Doug Williams, man of the hour, cause celebre and starting quarterback, resurfaced yesterday in front of his locker at Redskin Park, wearing regulation gray sweats and an amused grin.
After three days off, he was the very picture of contentment. On Sunday, this man made all the right moves. He got the job, won the game and skipped town.
"With all the hype in the media and the press, it was a good chance to get away from it all," Williams said. "I didn't even know what was in the newspaper. Yesterday was the first time I read a paper in the area. It was great."
At 7:15 Sunday night, exactly three hours after he victoriously left the field at RFK Stadium, Williams was sitting on a plane that took him away from Dulles to Louisiana, his home. He has built a new house in Zachary, where his wife and 4-year-old daughter live. His father lives nearby.
"I did nothing but cool out and relax and visit with my family," Williams said. "I did some things around the house, raked leaves, that's it. It was the perfect opportunity to see how everybody down there was doing."
Yesterday, the Williams era officially began for the Redskins when the 32-year-old took every snap during the team's offensive workout, and looked good, Coach Joe Gibbs said. He will start Monday night against the Los Angeles Rams at RFK Stadium.
No one knows how long this will last. It could be a game, two games or two years, Gibbs has said. Jay Schroeder, benched because of a slump, will be back sometime. But for now, a tried-and-true veteran is getting another -- and perhaps final -- chance at stardom. It's an enchanting time at Redskin Park. And Williams, chatty as ever curled up on the bench in front of his locker, is enjoying it all.
"All I want is the same opportunity everybody else has had," Williams said, when asked how long this job should be his. "I've got some ups and downs, I am human. If I'm playing good . . . that's for Joe Gibbs to make that decision, not me, and not anybody else, not the crowd, not outsiders, just him with his gut feeling, making the decision."
Williams, never known for his scrambling ability, admirably danced around questions about how long he will have this job and what he will do with it.
"I think every quarterback wants to go to the Super Bowl," he said. "I hope that my team believes I'm a leader, somebody who's going to get the job done at all costs. I'd like to be thought of as that type of individual. Also, a good person to get along with off the field, on the field, what have you. And just somebody to look up to."
Williams, the Redskins' first black quarterback, said he "most definitely" believes he is a role model for Washington's black community. The Redskins also are starting Raleigh McKenzie, who is black, at center in place of the injured Russ Grimm. It is quite rare to find an NFL team with blacks at those positions; Williams said he has never heard of it happening before.

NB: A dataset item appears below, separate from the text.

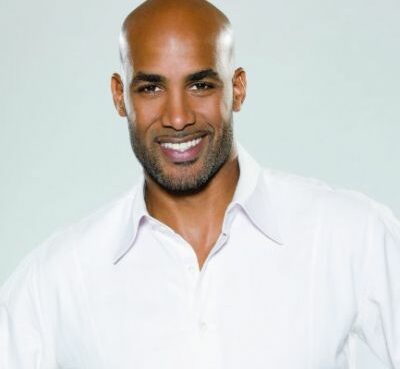 Boris Kodjoe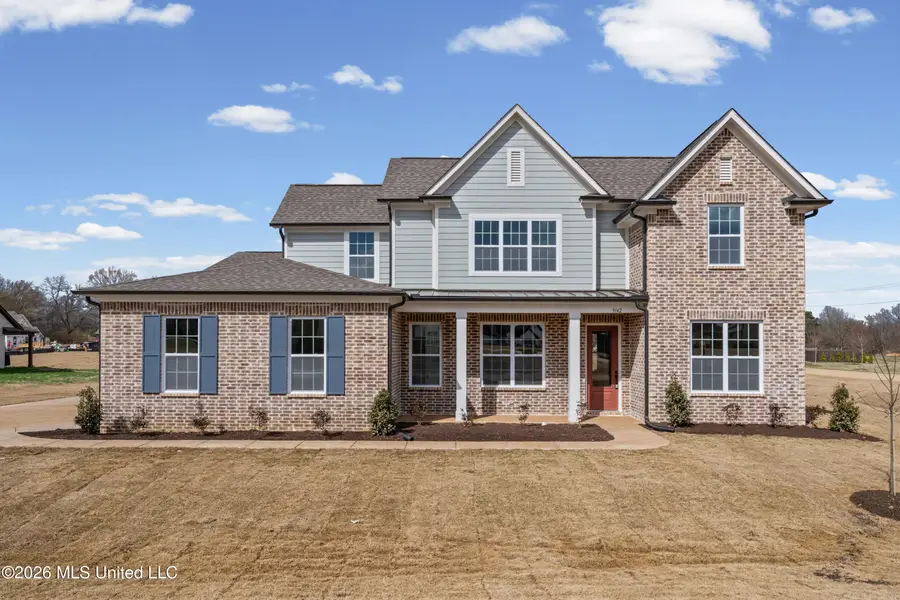 9142 Cedar Barn Cove, Olive Branch, MS 38654 - #2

Williams said that while this is a good time in his life, it is not his happiest time as a quarterback. That came in 1979, when he led the Tampa Bay Buccaneers to the NFC championship game. Several years later, Williams was embroiled in a contract dispute and left Tampa Bay with bitter memories for the U.S. Football League.
"There's not that much I haven't been through," Williams said. "Quite naturally, this is hard for Jay because he's never been through it. But to me, I've been doing it all my life. I've played under a microscope, so what's the difference? I was in a microscope in 1978 when I first set foot on the field. I've always been under that little tiny eye.

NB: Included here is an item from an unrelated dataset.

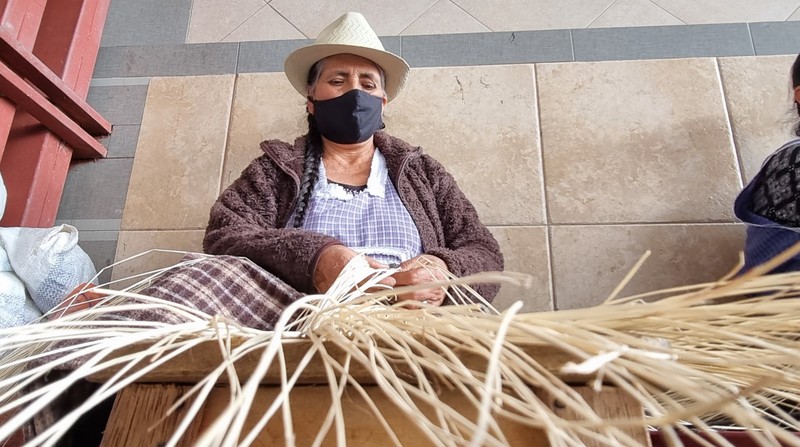 sombrero paja toquilla volvió a bajar de costo por la pandemia - El Comercio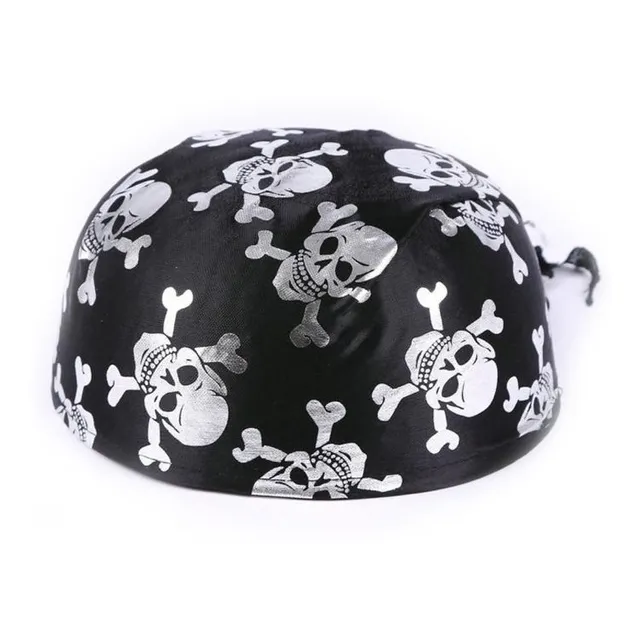 Sombrero Pirata Kepis Árabe Disfraz Accesorio Halloween Cosp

"I don't think I've changed. I think the environment around me changed. In Tampa, the coaches down there knew that if Doug Williams didn't have a good game, the Buccaneers didn't have a good game. It was one of those situations where so goes Doug Williams, so go the Buccaneers. But here, I'm not looked upon to make the big play, per se, because we've got so many other guys like the Art Monks, the Gary Clarks, the Ricky Sanders, the running backs we have here, a good offensive line. You've got so many other people that you can depend on."
It's not surprising, given Williams' history, that he is having no trouble keeping this new opportunity in perspective.

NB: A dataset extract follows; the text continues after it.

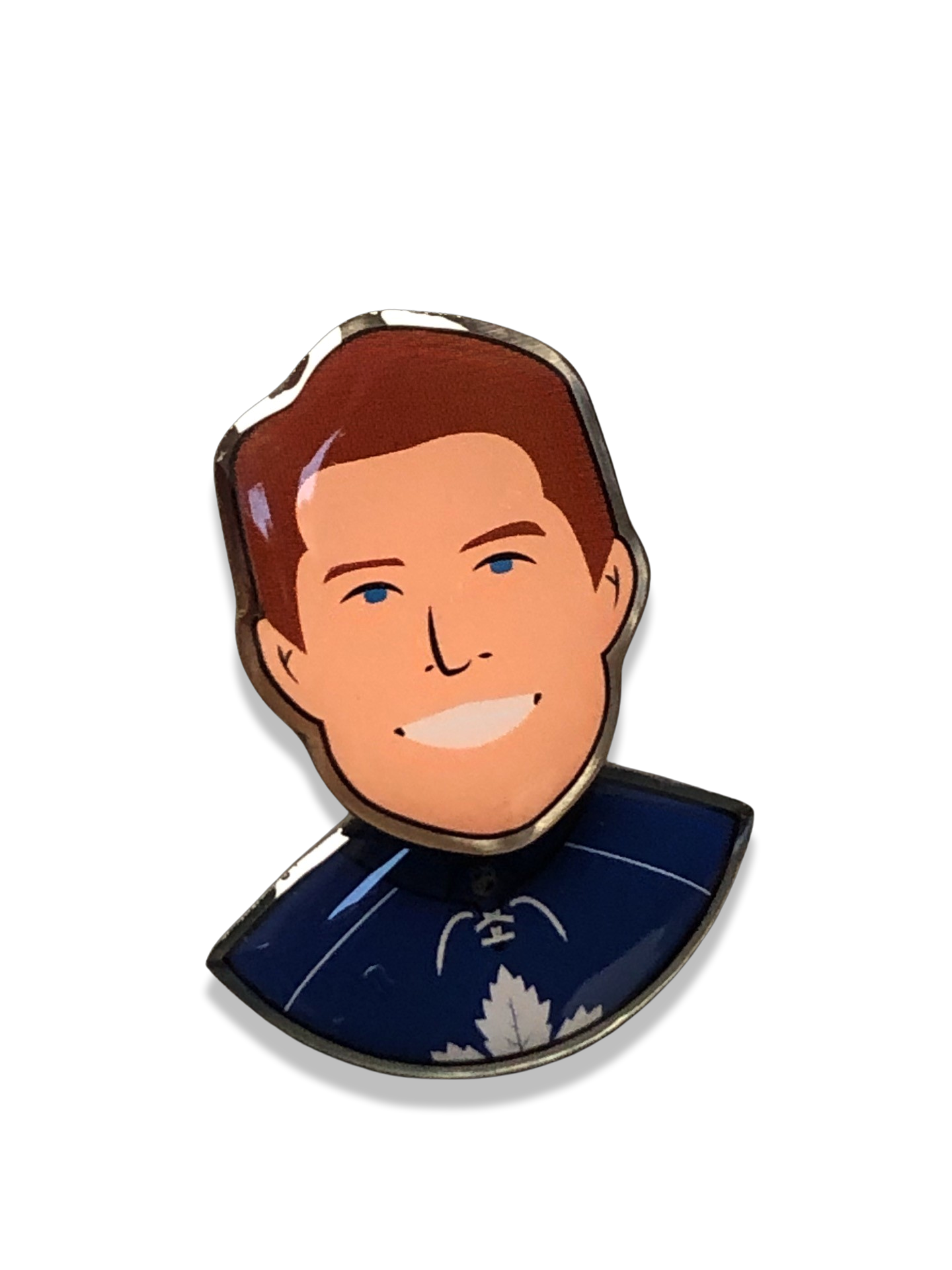 Maple Leafs Marner Bobble Pin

"Nothing surprises me anymore," he said. "To get an opportunity to play quite naturally is great. I'll be doing as much as I can to keep this job. I want to play and I know other people want to play, also. That's just the nature of this game.
"I'm not after vindication. I'm just here to do a job. Given an opportunity, I'm just going to do the best I possibly can. It's a good feeling to just get an opportunity to play."
Running back George Rogers (strained groin) practiced with the first team but was "still a little tender," Gibbs said. If Rogers can't start, either Timmy Smith or Keith Griffin will . . . Schroeder "looked good, looked sharp," Gibbs said, running the scout team and working on the other practice field with quarterbacks coach Jerry Rhome. Schroeder has been bothered by the flu the past few days, Gibbs said . . . Linebacker Rich Milot is healthy and practicing again, Gibbs said . . . Gibbs closed practice yesterday to the media. "When quite a bit is going on, I try to get back to spending time by ourselves to get settled down and get back to business," he said.